A Bundle of Sticks in the Shape of a Heart – $19.99
Nothing makes me open my wallet harder than a bundle of artfully arranged sticks glued together. Oh, is that glitter I see speckled throughout the arrangement? Here’s another $50. You work so hard.
Sweaters for Mugs (Set of Three) – $29.95
YOUR MUG IS NOT A SENTIENT BEING THAT IS SUBJECT TO WHIMS OF TEMPERATURE. Ooh, is that a flamingo?
Gangster Attire for Your Wine Bottle – $5.59
“Damn it feels good to be a gangster” — No wine bottle, ever
Turn your next party into a zoot suit RIOT! By lighting on fire the person who brings this.
Non-Alcoholic Beer for Dogs – $3.99
Careful, it's ruff out there for recovering alcoholic dogs.
Look, we’ve all experienced the tragedy that is rampant alcoholism in dogs, but must we taunt them with bottle-shaped non-alcoholic beer? It’s hard enough to make it through the holidays sober without such cruel reminders for your little boozehound (OH I SEE WHAT THEY DID THERE).
Large Wooden Indonesian Gong – $79.99
“Signaling the end of a rhythm or the beginning of a ceremony, our Large Wooden Indonesian Gong from Bali is played by striking its suspended metal disc with a mallet to create a deep, resonating ring.” Thanks for the instructions on how gongs work! I was totes gonna use this to hold my popcorn. That would have been embarrassing! But not as embarrassing as you beating an Indonesian gong to start off your sad housewife drum circle.
Desktop Drum Set – $14.99
Speaking of drums, here’s a sign you’ll never see posted in your office break room: “Could we please have more people hitting tiny drums around the office? Christ, it’s delightful. And it fits right on the desk! I hereby nominate myself to host the next desktop jam session. I play a bitchin’ Wooden Indonesian Gong!”
Two carts full of drawer pulls – prices vary
“Susan! Quick, call Madison. Tell her she can stop her city-wide search for whimsical drawer pulls. We found 8,000 right here at World Market. Some even have glitter.”

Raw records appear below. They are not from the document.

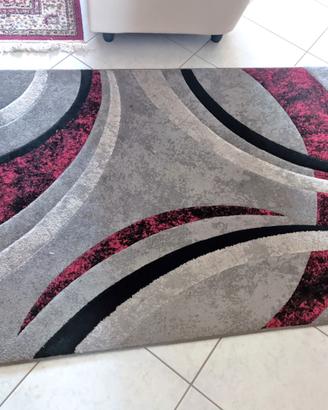 Tappeto moderno astratto 120 x 170 cm Grigio rosso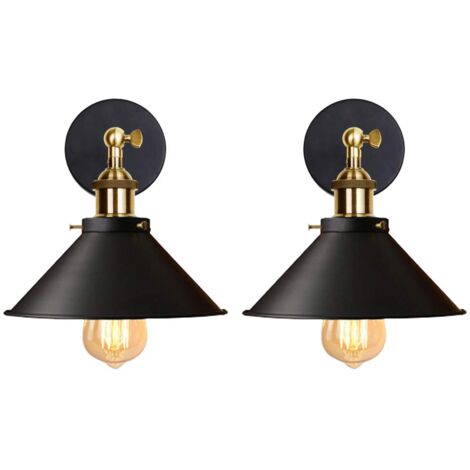 2PCS Metal Iron Wall Lights Retro Industrial Loft Wall Sconce Vintage Wall Light For Bedside Reading Cafe Black 22Cm (1/5)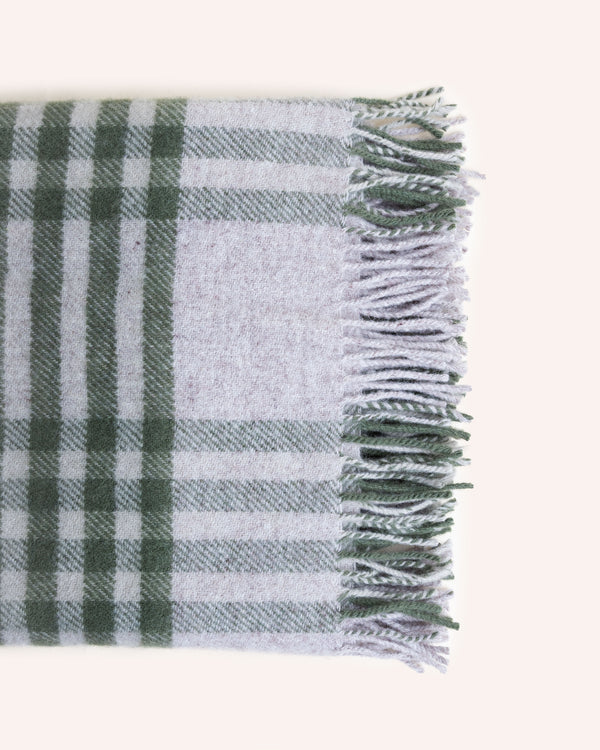 Hex Check Throw – Olive Homeware Tweedmill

Beach flavored (?) Hello Kitty soda – $1.99
If you hold a tropical Hello Kitty soda to your ear, you can hear the ocean.
Maple Syrup Bears Wearing Tiny Beanies – $14.99
You mean you’ve been enjoying your pancakes without the aid of this bear wearing a tiny hat? I pity you. [Ed. note: Please buy this for me.]
Crane Chopsticks Holder – $1.98
“Your chopsticks will never again touch the table.” THANK GOD. I’ve been cooking a lot of meth on my table and it’s really been inhibiting my enjoyment of Asian cuisine.
Cone of Shame Keychain – $6.99
“Hey Sally! Remember when your dog was horribly injured and had to wear a cone on its head? Well, we’ve pitched in to get you this $7 keychain to remind you of that experience for the rest of your days, or at least until these super-great LED lights go out, so probably a month. Happy CONE-ukkah!”